Further, mortgage funds are less hassle for you. As a mortgage lender, you are constantly chasing investors, convincing them to invest in each loan, and getting their buy-in. As the manager of a mortgage fund, you no longer have to do that. You can set the general parameters of loans you will fund, and as long as you stay within those parameters, you can fund the loan.

In addition, you could fund loans faster as a result of  the shortened investor sale cycle. When you have control over the fund and investors’ automatic permission to fund loans, you are in a position to say yes to every deal.

A mortgage fund protects you as well. Brokering loans to investors is fraught with omissions and “the lender didn’t tell me X” when investing in the loan. If the loan goes bad, the investor could look to you to make them whole. In a mortgage fund, everything that could possibly go wrong is disclosed to the investor already. The SEC requires you to do so. But it isn’t a blind disclosure. You are required to disclose everything that may possibly go wrong in a mortgage fund to your investors.

Further, the SEC allows the fund to indemnify you except in cases of fraud or willful neglect. Assuming there isn’t fraud or willful neglect, the fund’s assets will indemnify you from an investor lawsuit. This can have a chilling effect on lawsuits from your investors, allowing you to have freedom from stress if you’re doing things the right way.
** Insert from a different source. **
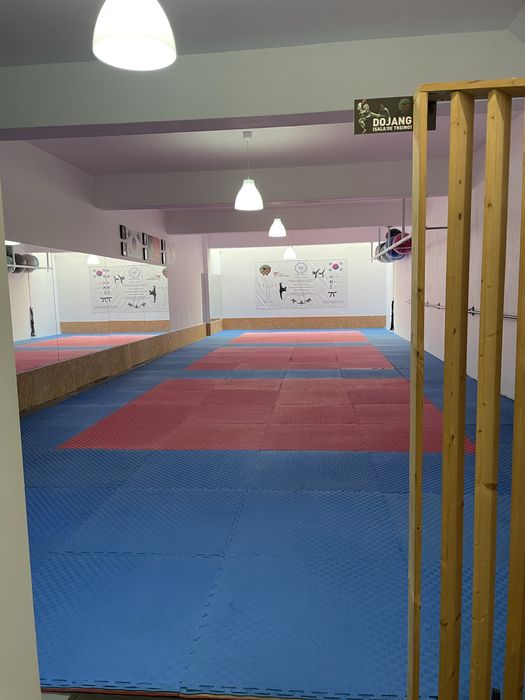 Espaço desportivo aulas grupo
Advantages for Your Investor

Given the advantages of running a mortgage fund, your investors want to be in one as well. Your investor’s money will be working for them 24 hours a day, 365 days a year. In a mortgage fund, an investor will earn their percentage of the yield generatedby the mortgage fund, which will own several loans of varying maturity dates. When the investor owns one loan, the investor is no longer earning money once the loan is paid off. Rather, the investor will be hunting for his or her next deal to continue earning interest.
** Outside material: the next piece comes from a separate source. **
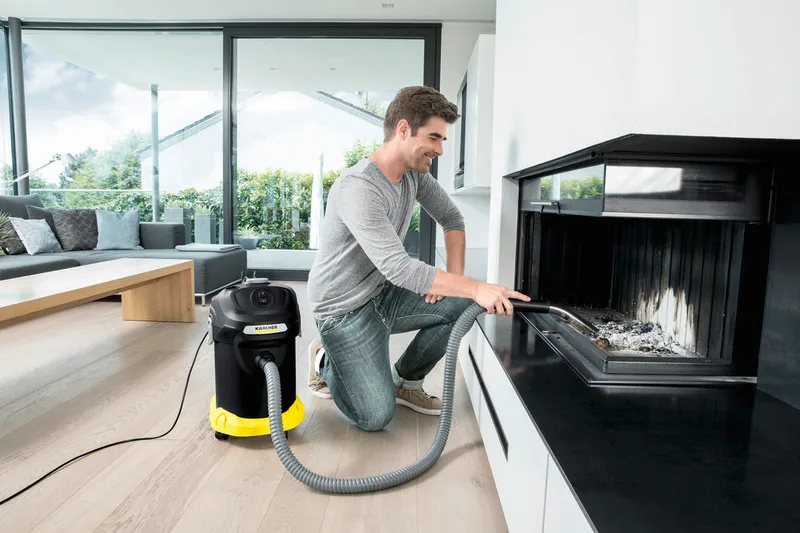 Пилосос для золи Karcher AD 4 Premium, об'єм контейнера 17 л, вага 5.3 кг.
Another benefit is investors are automatically diversified in a mortgage fund. A mortgage fund typically owns several loans. If one loan stops performing — i.e., the borrower stops making payments on the loan — the other loans in a mortgage fund are still producing and the investors are earning a return on their investment. If an investor owns the loan and the borrower stops making payments, the investor is not earning anything.
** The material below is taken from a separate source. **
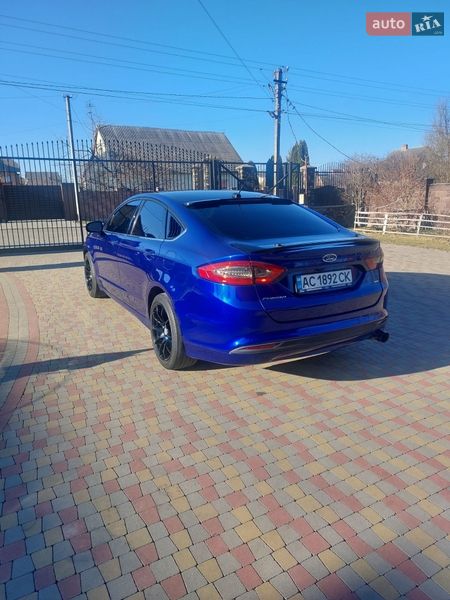 Седан Ford Fusion 2015 в Луцке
If the loan stops performing, the investor is now faced with myriad issues revolving around the default of the borrower: Should the investor foreclose? Work out a loan modification? Sell the loan on a note platform at a discount and not worry about collecting? In a mortgage fund, the manager of the fund — i.e., you — makes those decisions for the investor, leaving the investor as a true owner and trusting their reliable CEO to make the necessary decisions to generate passive income for them.

If you want more control, more money and more deals, you should look into forming a mortgage fund. You’ll wonder why you went so long without one.